Kesadaran politiknya ikut dipicu dengan diluncurkannya ‘Communist Manifesto’ dari Karl Marx di tahun 1848 yang menimbulkan revolusi besar, termasuk di Berlin, tempat Virchow kembali. Ia bergabung dengan gerakan sosialis, demokrat, dan republikan untuk melakukan revolusi dan menumbangkan kekuasaan yang menyengsarakan. Dia juga mendukung revolusi sosial –yang disebutnya sebagai “Kulturkampf (culture struggle)”,  yang digagas Otto van Bismarck. Pemikiran politik keduanya yang kemudian berseberangan dan pertentangan Bismarck vs Virchow yang lekat dalam sejarah menunjukkan satu hal: keberpihakan ide politik Virchow pada ekualitas dan kepentingan masyarakat luas.

Ide Struensee dan Virchow serupa. Kegelisahan terhadap ketimpangan. Pada proses pembelajaran dan praktiknya, dokter berupaya tidak melompat langsung ke pengobatan, tetapi mengekplorasi tanda dan gejala, menemukan runutan logis yang membawa kepada kesimpulan diagnosis, lalu mengidentifikasi sumber daya (resources) yang ada dan dapat dimanfaatkan dalam koridor tatalaksana penyakit pada pasien, termasuk aspek sosio-ekonominya. Perkembangan ilmu pengetahuan memaksa para dokter untuk belajar pula tentang kemajuan temuan yang pesat, mendedahkan praktik mereka pada bukti ilmiah –yang secara politik pula disebut ‘evidence-based medicine’, tanpa menafikan kompatibilitas per pasien. Dengan itu semua, potensi memunculkan Struensee dan Virchow baru semestinya semakin terbuka.

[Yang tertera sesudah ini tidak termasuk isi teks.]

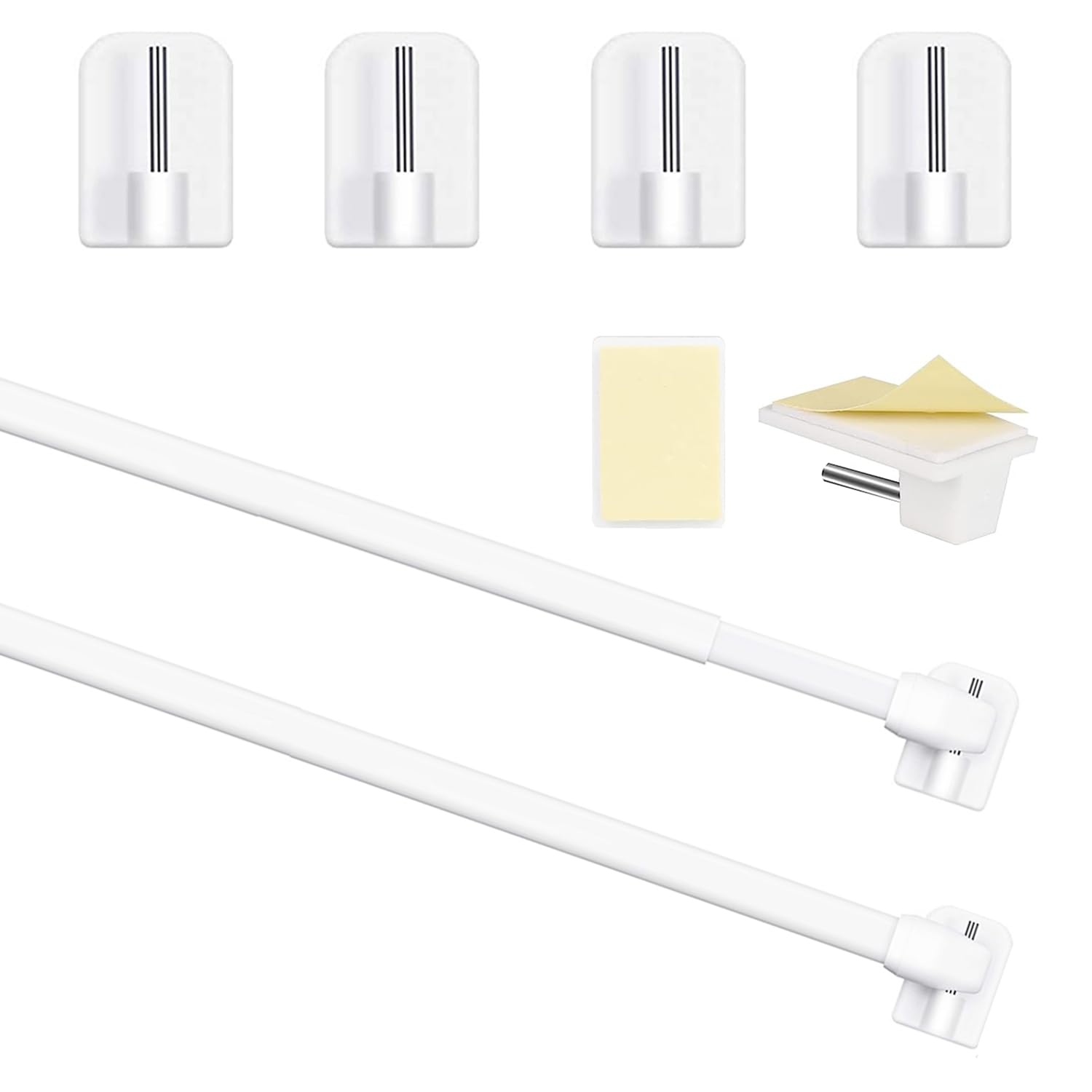 Asta per Tende Plastica Regolabile (2 Pezzi 30-50cm)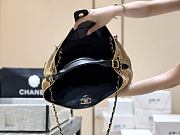 Chanel Small Tote Suede Calfskin Shiny Lambskin & Gold-Tone Metal Beige & Black - 36x24x14cm - 4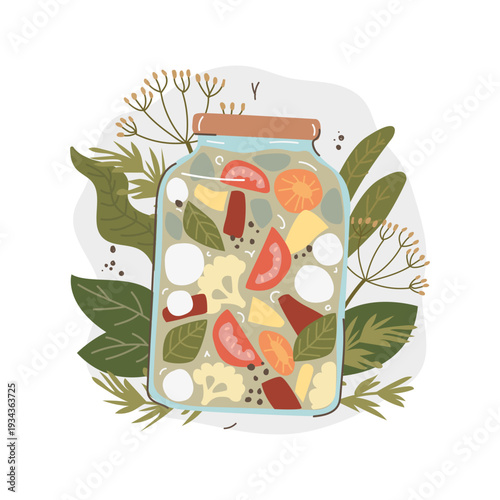 Homemade canning jar isolated on white background. Glass jar filled with mixed vegetables, surrounded by fresh dill leaves and herbs. Farmhouse food preservation concept with organic ingredients.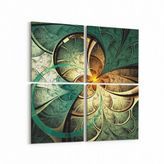 Olla 10111K4 Abstract Görsel Kare 4 Parça 65x65 cm Kanvas Tablo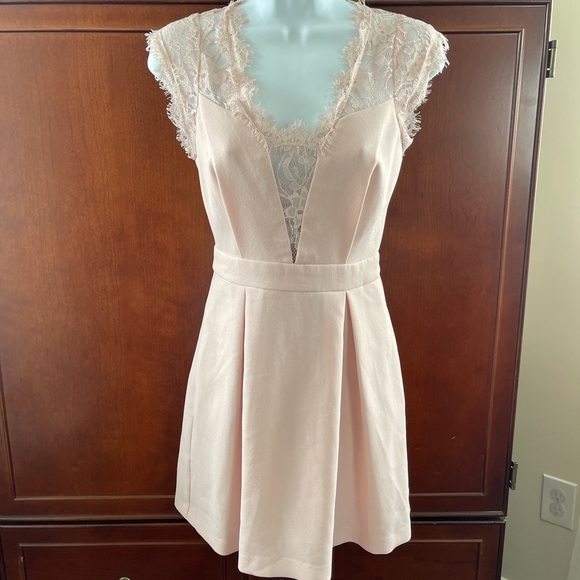 BCBG Generation light pink lace pleated dress - Picture 3 of 7
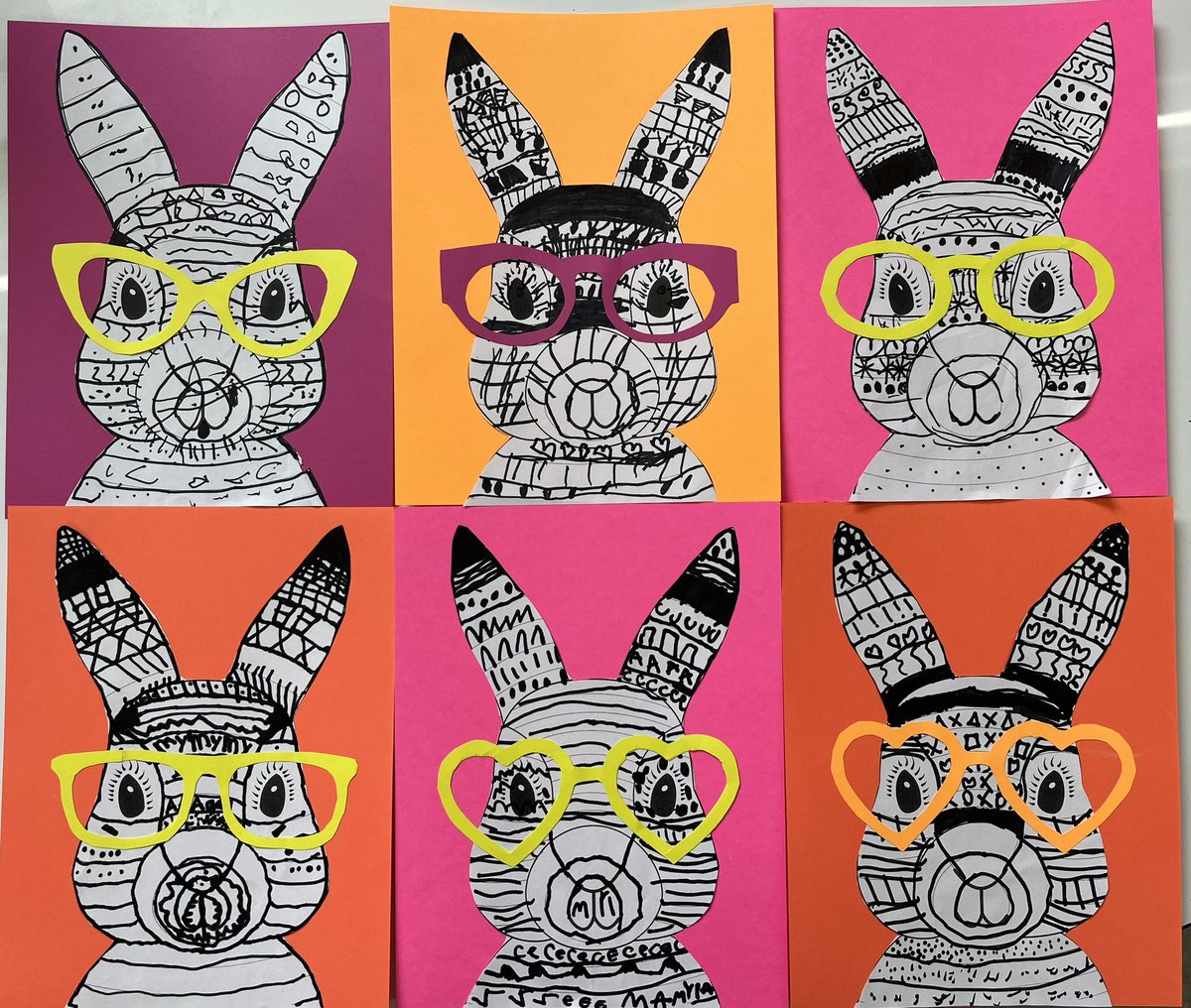 Look who hopped by our classroom today!!  We 💜 Pop Art Bunnies! 🐰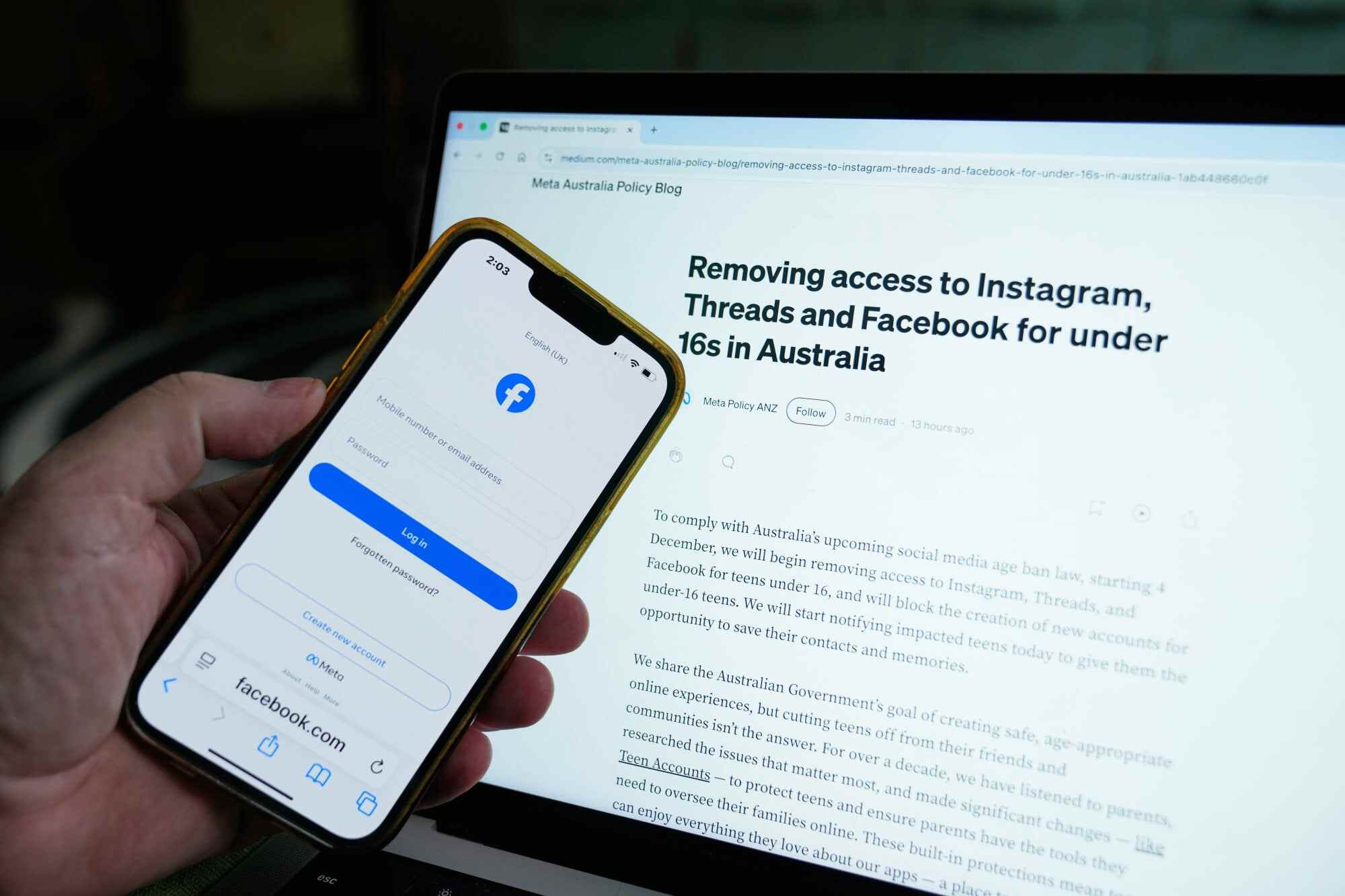 A Facebook login screen and the new Meta policy. One study found that 85 per cent of Australians aged 12 to 15 ‌were still using social media three months after the ban took effect. Photo: AP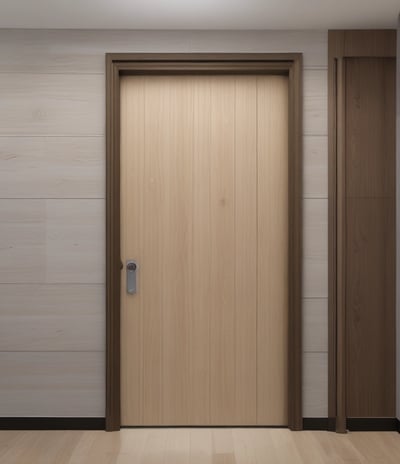 A wooden door with a deep brown color is framed by vertical gray panels. In front of the door, there is a white plastic table and three stacked white plastic chairs with a yellow logo or design on the top chair. The flooring is made of wooden planks, adding a rustic touch to the scene.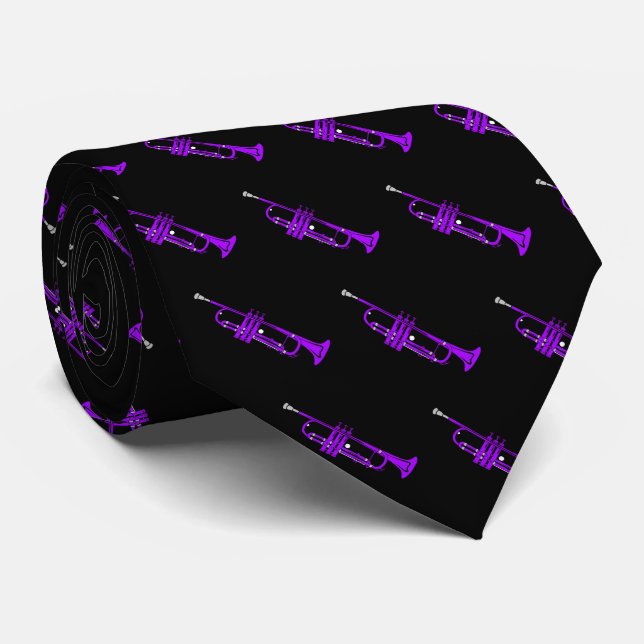 Corbata Patrón de trompeta púrpura sobre negro (Enrollado)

Anggaplah keduanya terlampau jauh di halaman buku sejarah, ada Ernesto ‘Che’ Guevara (1928-1967) dan Bernard Kouchner (1939-sekarang).

 

che motorcycle
Buku “The Motorcycle Diaries” yang ditulis Ernesto ‘Che’ Guevara

 

Sejak masih mahasiswa kedokteran, Che sudah berjalan-jalan melintasi Amerika Selatan dan menemukan kemiskinan, kelaparan, dan penyakit akibat eksplotasi kapitalis yang makin mendasari pemikiran Marxist-nya. Ia bergabung dalam reformasi sosial Guatemala dan menjadi actor kunci pada Revolusi Kuba, lantas memelopori reformasi agraria dan mendorong kampanye literasi ketika menjabat beberapa posisi menteri setelah revolusi.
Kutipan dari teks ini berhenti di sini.